### INPUT FOR THIS TASK

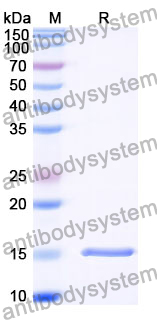 Anti-Vibrio cholerae serotype O1 ctxB/Cholera Toxin Subunit B Nanobody (SAA1345)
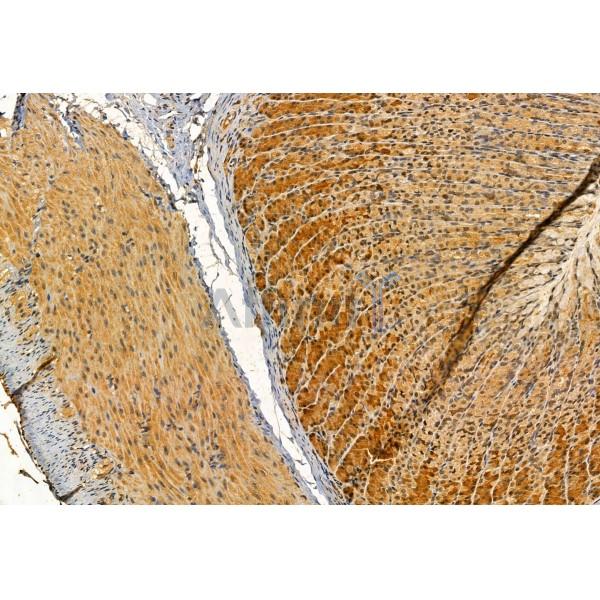 IFT57 Antibody - DF12047 at 1/100 staining Rat stomach tissue by IHC-P.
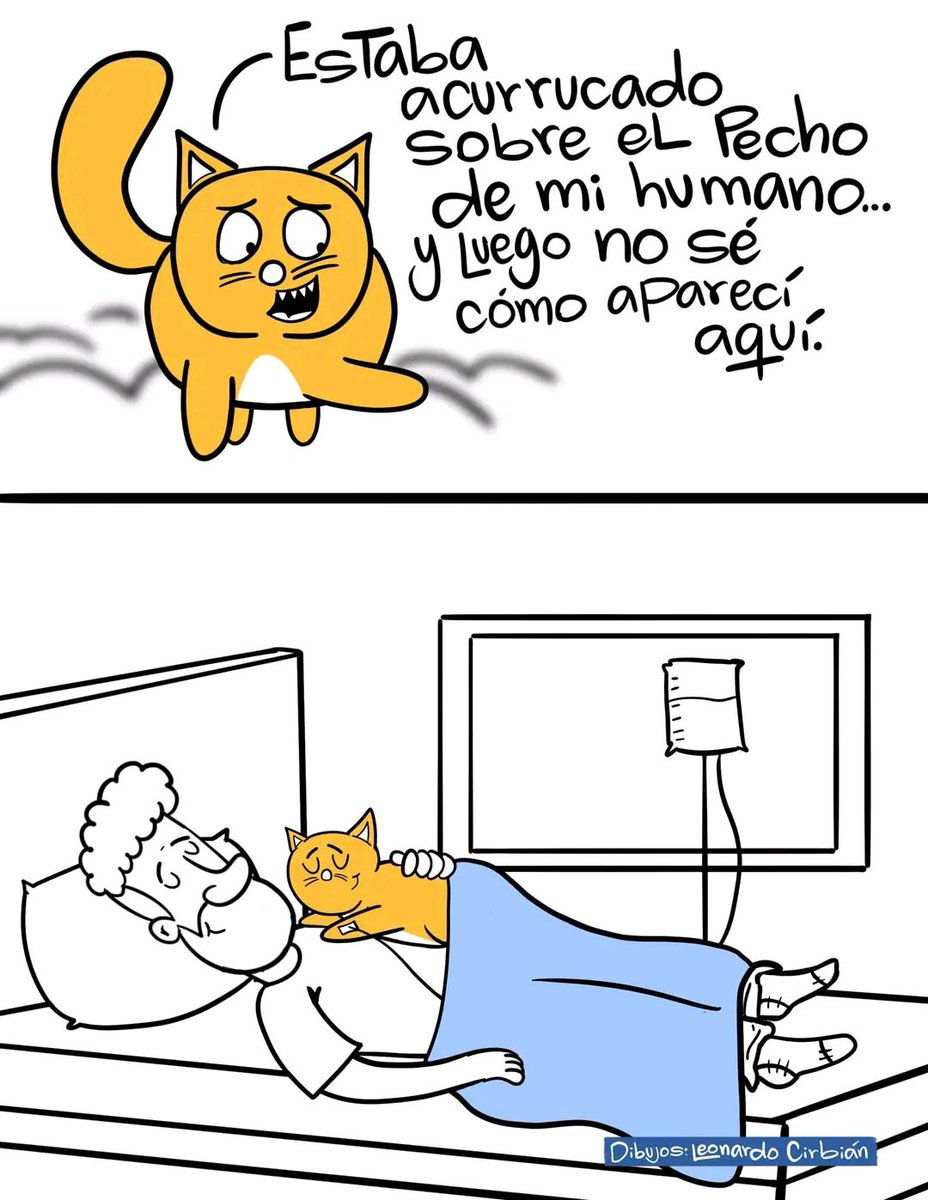 Tiofelino's tweet photo. Acompañe a ver este hermoso hilo. 🌧️🐱🐾.

* Créditos en las imagenes https://t.co/SQSMJYlnJp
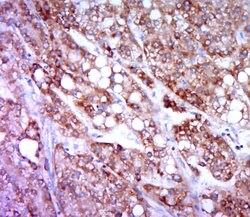 HRH4/GPCR105 Rabbit anti-Human, Polyclonal, Bioss 100 &mu;L; Unconjugated:Antibodies,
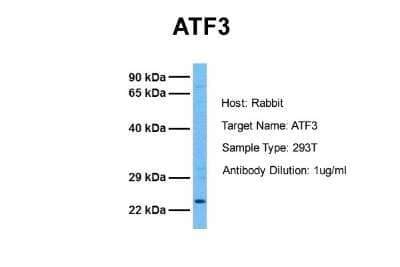 Western Blot: ATF3 Antibody [NBP2-87050]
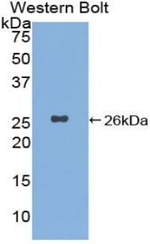 XPC Antibody in Western Blot (WB)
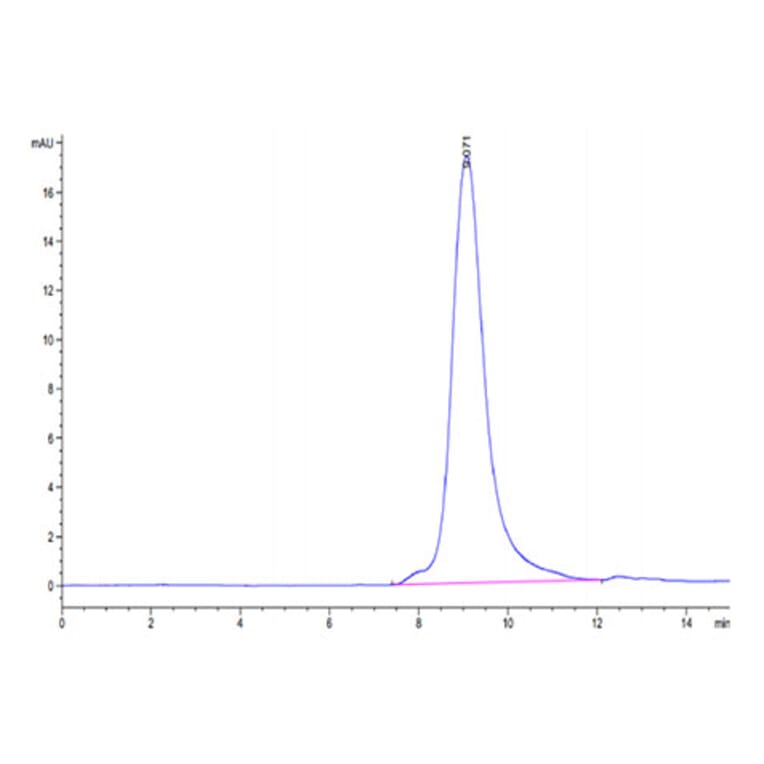 SEC-HPLC - Recombinant SARS-CoV-2 Spike RBD Protein (C-terminal His Tag) (A331843) - Antibodies.com
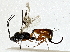  ( - BIOUG85477-H04)  @11 [ ] CreativeCommons - Attribution (2022) CBG Photography Group Centre for Biodiversity Genomics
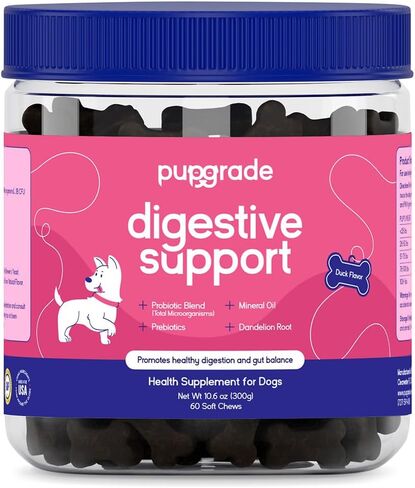 PupGrade Digestive Support Chews for Dogs - Prebiotic and Probiotic Supplement with Enzyme Blend - Upset Stomach, Diarrhea, Bowel, and Immune Support - Pumpkin, Blueberry, Mineral Oil - 60 Soft Chews in Kuwait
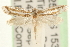  ( - MM11496)  @14 [ ] CreativeCommons - Attribution (2010) Unspecified Centre for Biodiversity Genomics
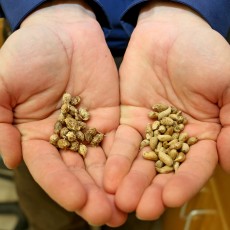 cultivated peanut genome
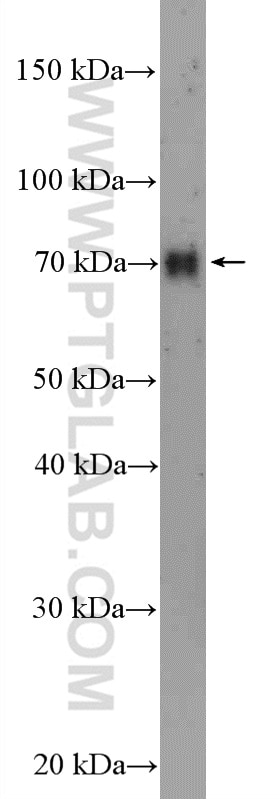 Western Blot (WB) analysis of HEK-293T cells using GPSM2 Polyclonal antibody (26798-1-AP)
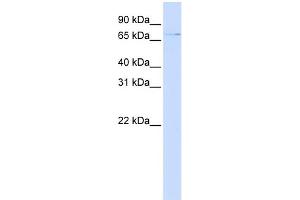 WB Suggested Anti-ZNF324 Antibody Titration:  0. (ZNF324 抗体  (N-Term))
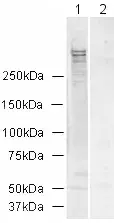 Anti-Ki67 antibody(AB15580)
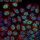 β-Tubulin Mouse Monoclonal Antibody (100 μl)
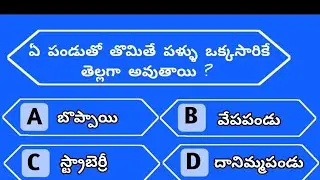 Gk quiz|| #gk #gkquestion #knowledge #learning #education #viral #likes #gkfacts #interstingfacts 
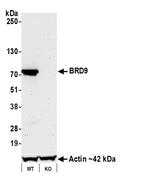 BRD9 Antibody in Western Blot (WB)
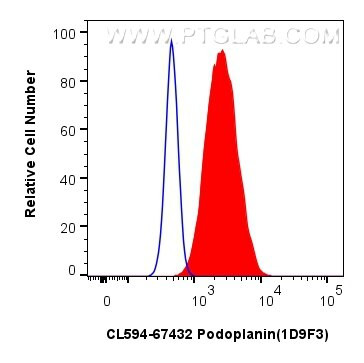 Podoplanin Antibody in Flow Cytometry (Flow)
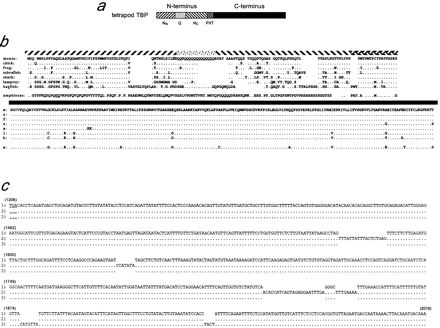 Chordate TBPs. (a) Linear depiction of vertebrate TBP with domains indicated by different shading. (b) a.a. sequences of TBP proteins, with shaded bars above corresponding to the regions indicated in (a). Dots represent amino acids that are identical to the mouse sequence; gaps in alignment are exhibited by gaps in the presentation. The longer amphioxus N terminus is shown with the two extra a.a. underlined. For hagfish, variants containing 11, 12, and 13 Qs in the Q domain were isolated; 12 Qs are shown. (c) Oligonucleotide insertion-based polymorphisms in the aTBP 3′ UTR. Sequences for the three 3′-UTR mRNA isoforms that we identified are shown beginning at the stop codon (underlined). Nucleic acid positions for isoform number 1 are shown above the sequence in parentheses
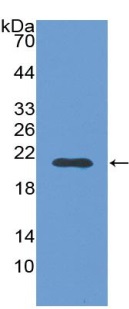 Western blot - Anti-ABP1 antibody (AB231541)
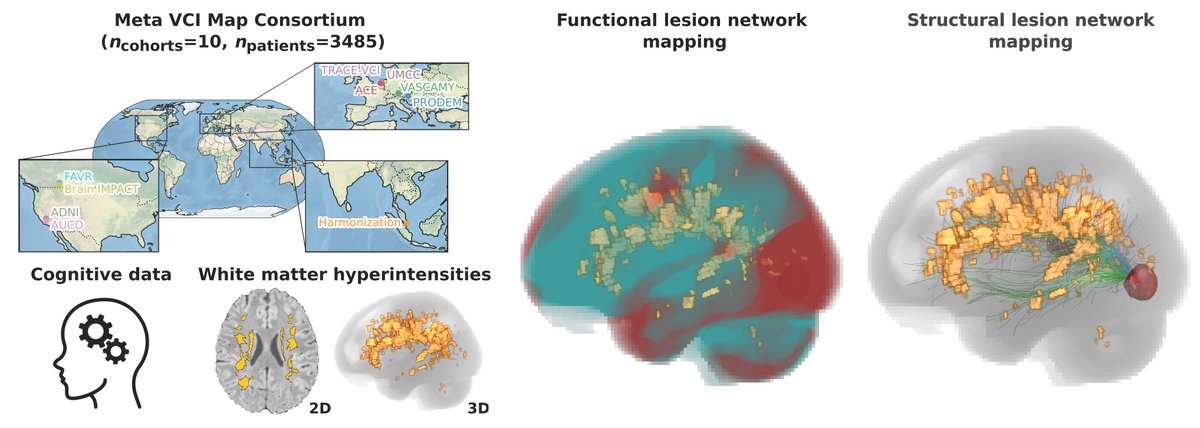 Petersen et al. show that assessing the brain circuitry affected by cerebrovascular white matter lesions improves the accuracy with which cognitive performance can be predicted in memory clinic patients compared to using lesion volume alone. tinyurl.com/3fs85658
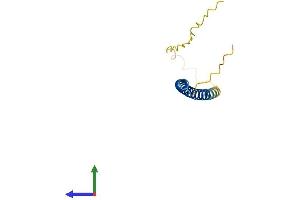 AlphaFold protein structure predicition of Mouse Recombinant Scoc Protein, UniprotID Q78YZ6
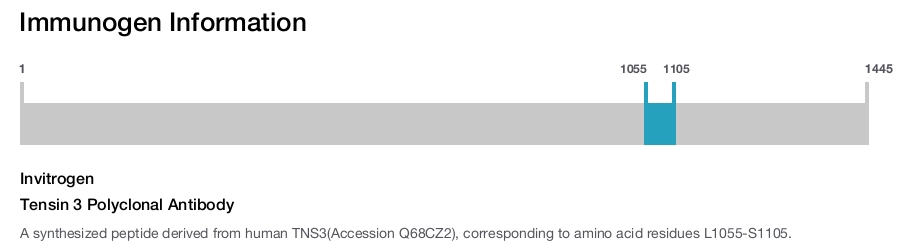 Tensin 3 Polyclonal Antibody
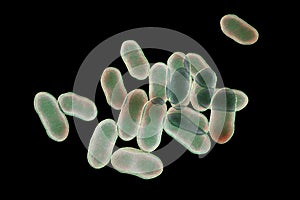 Prevotella bacteria, 3D illustration. Gram-negative anaerobic bacteria, cause anaerobic infections of respiratory tract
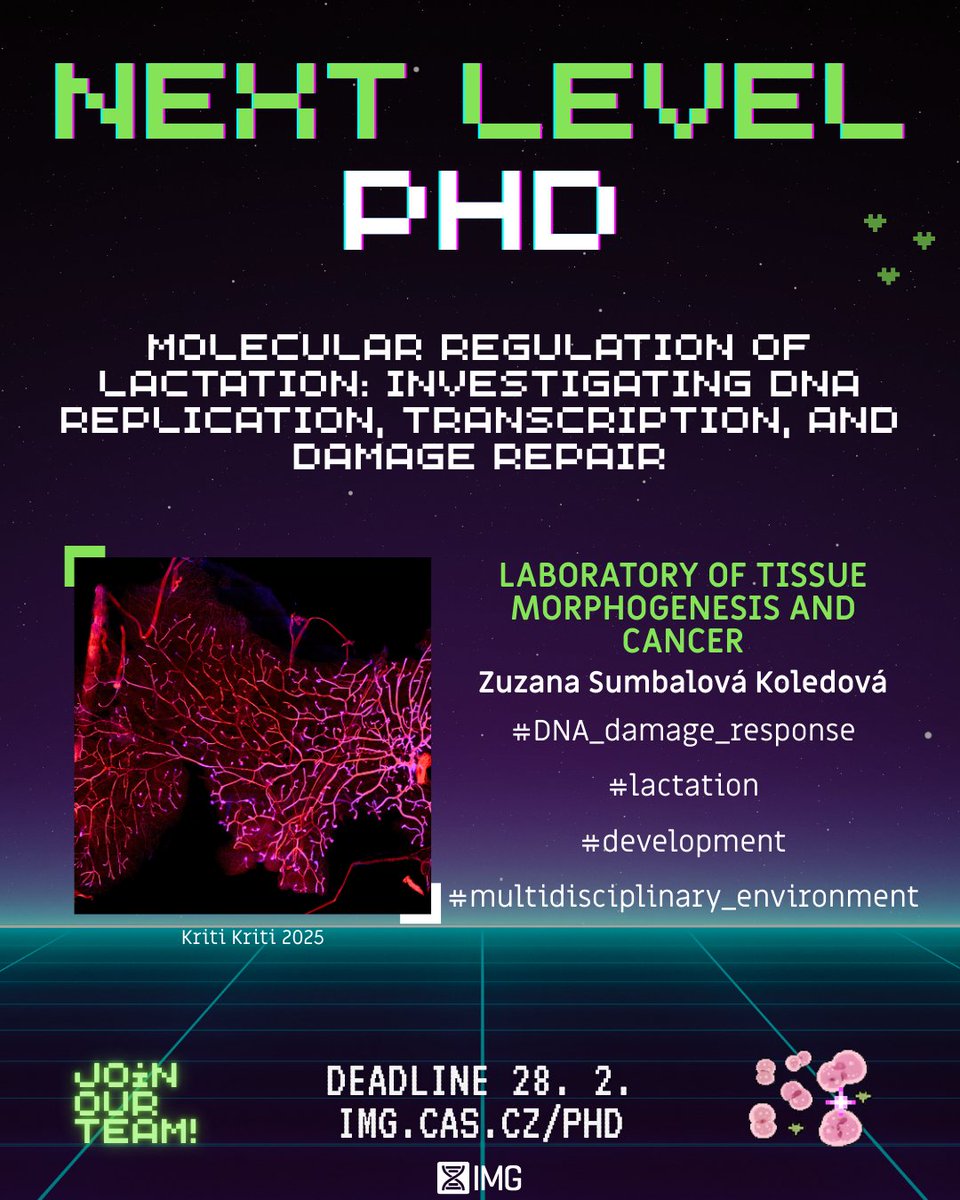 🚀Open PhD position!
Lactation requires tightly coordinated DNA replication, transcription, and damage responses to sustain milk production. This PhD project will uncover the molecular mechanisms driving these processes in mammary epithelial cells.
🧡APPLY img.cas.cz/phd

######

WHAT TO DO: Repeat the exact lines from the first line of the data through the line containing "XPC Antibody in Western Blot (WB)". Nothing else, no pictures.

EXERCISE ANSWER:
 Anti-Vibrio cholerae serotype O1 ctxB/Cholera Toxin Subunit B Nanobody (SAA1345)
 IFT57 Antibody - DF12047 at 1/100 staining Rat stomach tissue by IHC-P.
 Tiofelino's tweet photo. Acompañe a ver este hermoso hilo. 🌧️🐱🐾.

* Créditos en las imagenes https://t.co/SQSMJYlnJp
 HRH4/GPCR105 Rabbit anti-Human, Polyclonal, Bioss 100 &mu;L; Unconjugated:Antibodies,
 Western Blot: ATF3 Antibody [NBP2-87050]
 XPC Antibody in Western Blot (WB)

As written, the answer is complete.